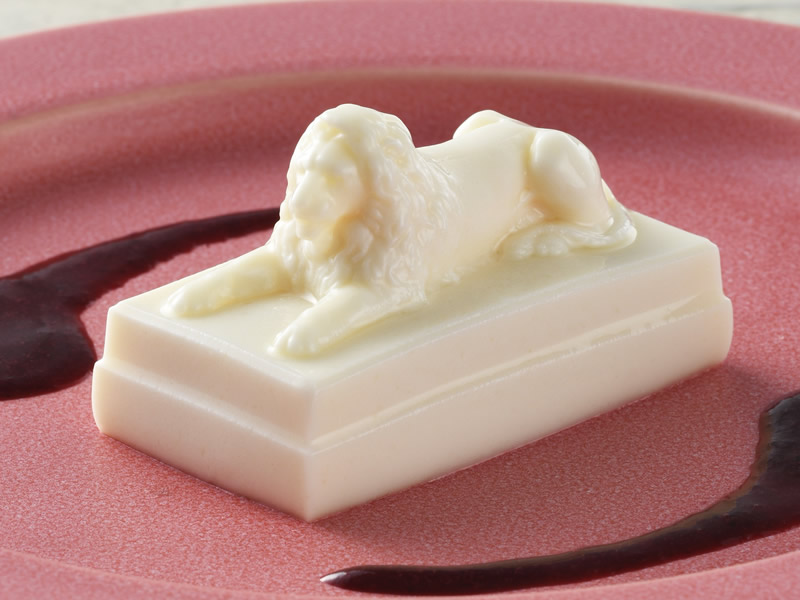 〈柏屋つちや〉ブランあんジェ「風に立つ」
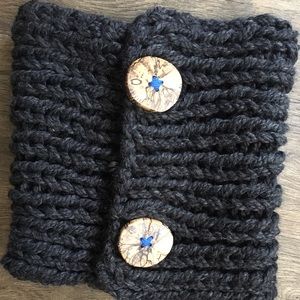 Chunky tunnel scarf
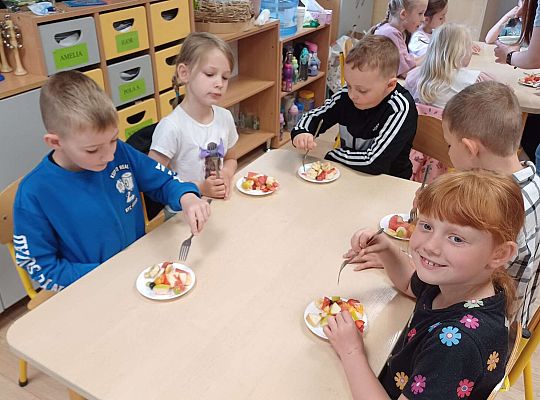 Gr. IV Robimy sałatkę owocową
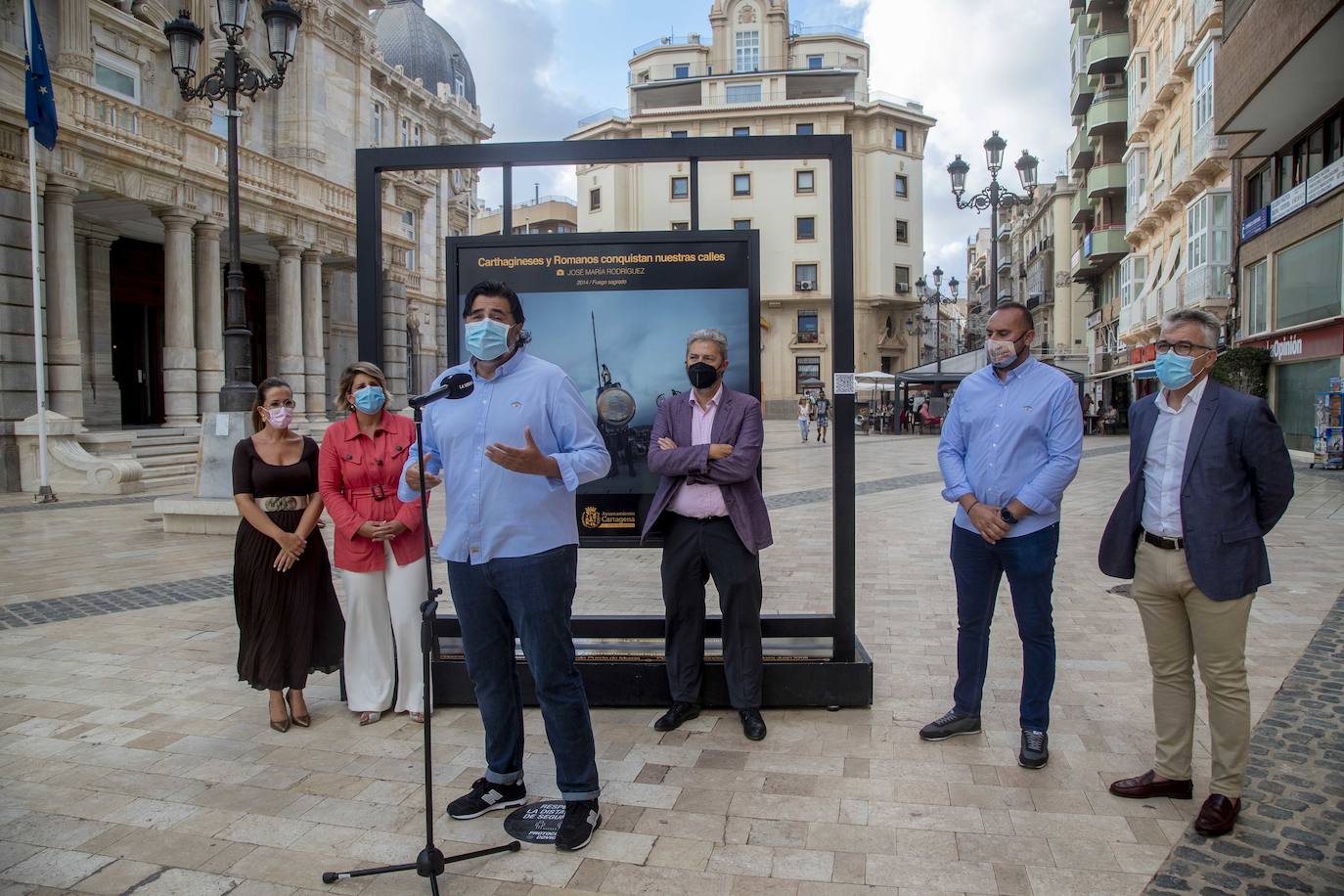 Fotos: Las fiestas de Cartagena se retratan en la calle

:: Task objective ::
With the pictures omitted, reproduce the data above exactly.

:: Output for this exercise ::
 〈柏屋つちや〉ブランあんジェ「風に立つ」
 Chunky tunnel scarf
 Gr. IV Robimy sałatkę owocową
 Fotos: Las fiestas de Cartagena se retratan en la calle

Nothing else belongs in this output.